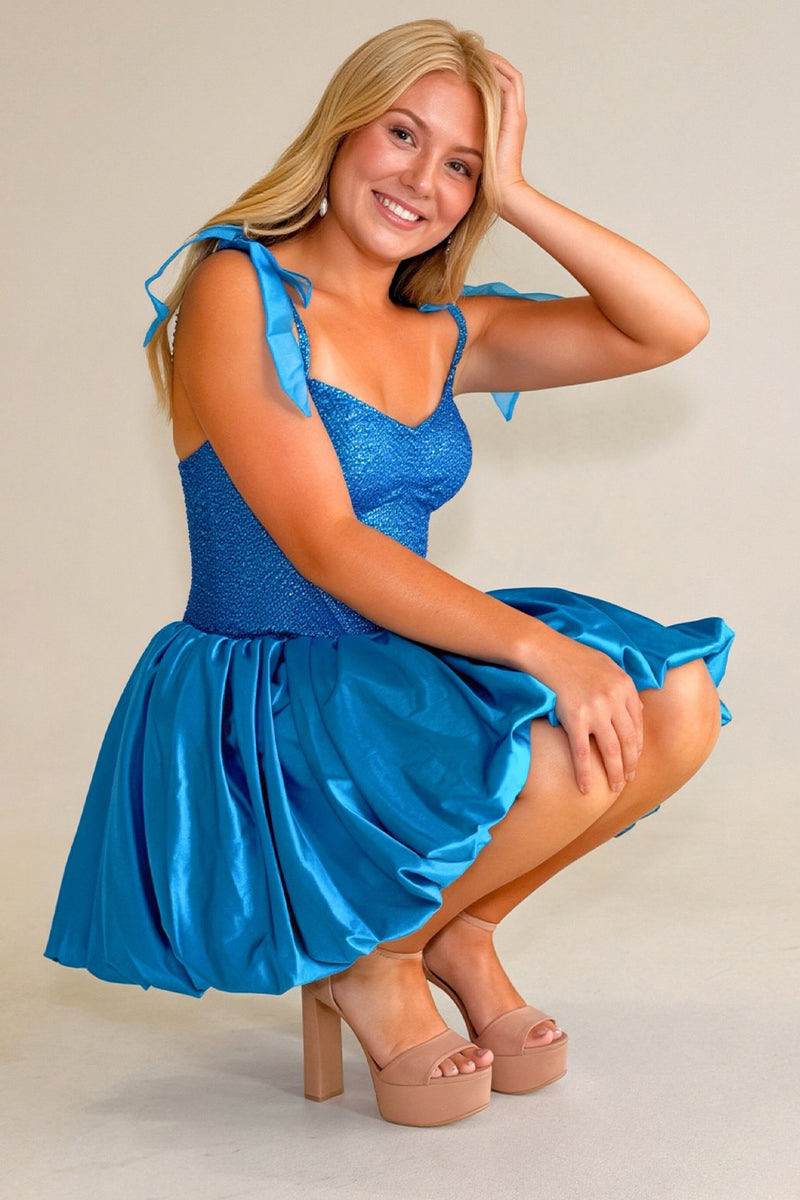 Load image into Gallery viewer, Sparkly Blue Corset A Line Spaghetti Straps Short Cocktail Dress with Bows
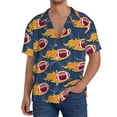 thumbnail image 3 of Xecao offers the Burning Rugby Balls for Men's Casual Short-sleeved Shirt, a button-up collared shirt with a pocket, perfect for beach vacations and yacht travel in the Small size., 3 of 7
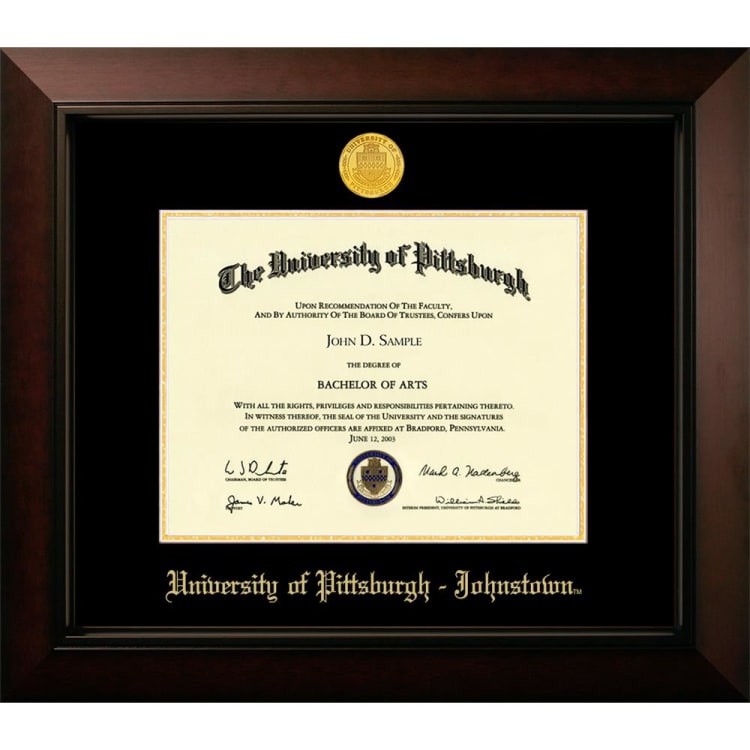 University of Pittsburgh Johnstown Legacy Diploma Frame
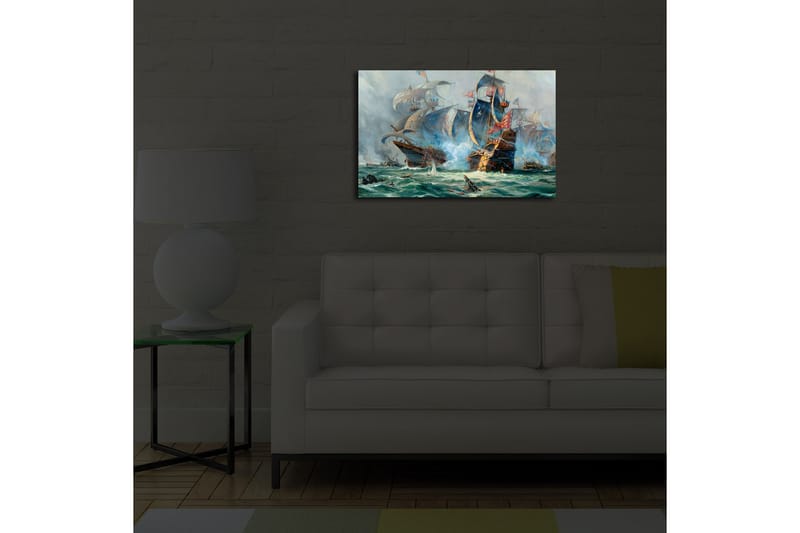 Canvasmålning Dekorativ LED-belysning - Flerfärgad - Inredning - Tavlor & posters - Canvastavla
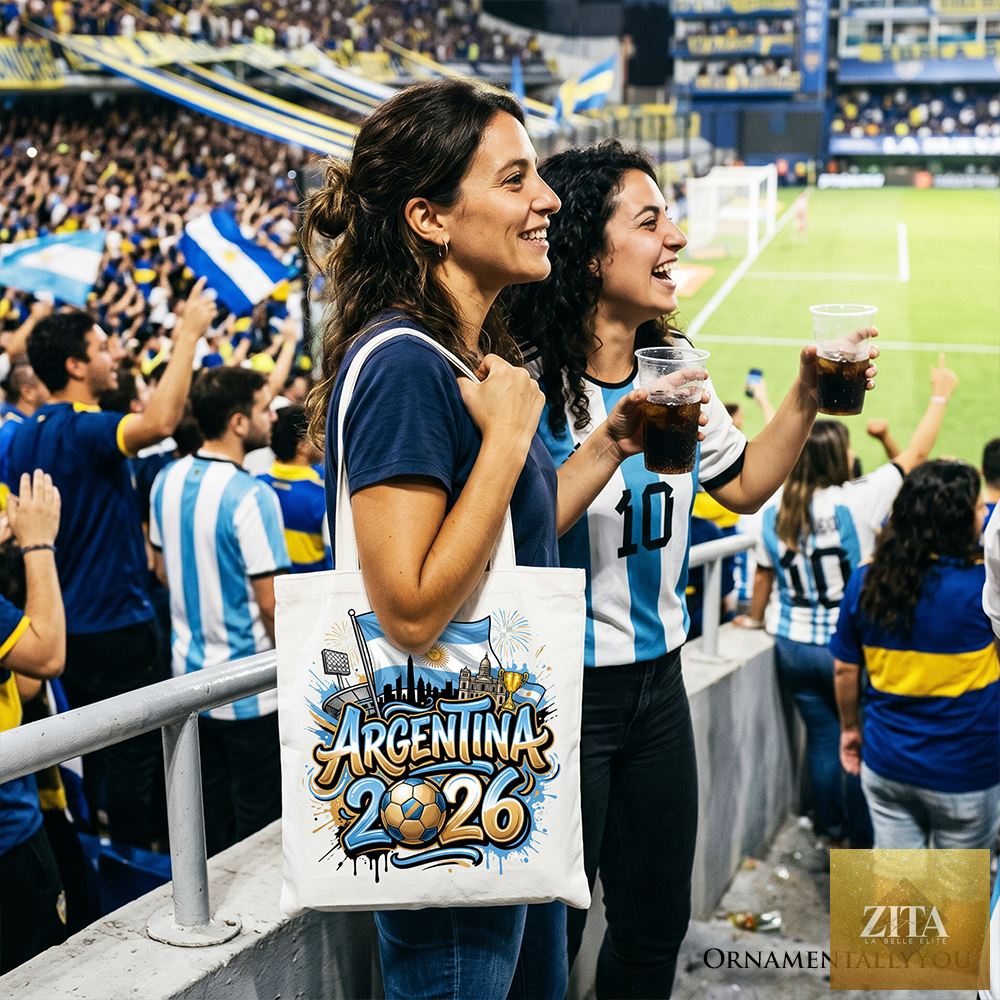 White Argentina 2026 Soccer Cup tote bag by OrnamentallyYou, featuring team logo and football-themed design for fans.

* * *

■ INSTRUCTIONS FOR THE TASK: Set down all of the data word for word; no pictures belong in it.

■ WRITTEN ANSWER:
 Load image into Gallery viewer, Sparkly Blue Corset A Line Spaghetti Straps Short Cocktail Dress with Bows
 thumbnail image 3 of Xecao offers the Burning Rugby Balls for Men's Casual Short-sleeved Shirt, a button-up collared shirt with a pocket, perfect for beach vacations and yacht travel in the Small size., 3 of 7
 University of Pittsburgh Johnstown Legacy Diploma Frame
 Canvasmålning Dekorativ LED-belysning - Flerfärgad - Inredning - Tavlor & posters - Canvastavla
 White Argentina 2026 Soccer Cup tote bag by OrnamentallyYou, featuring team logo and football-themed design for fans.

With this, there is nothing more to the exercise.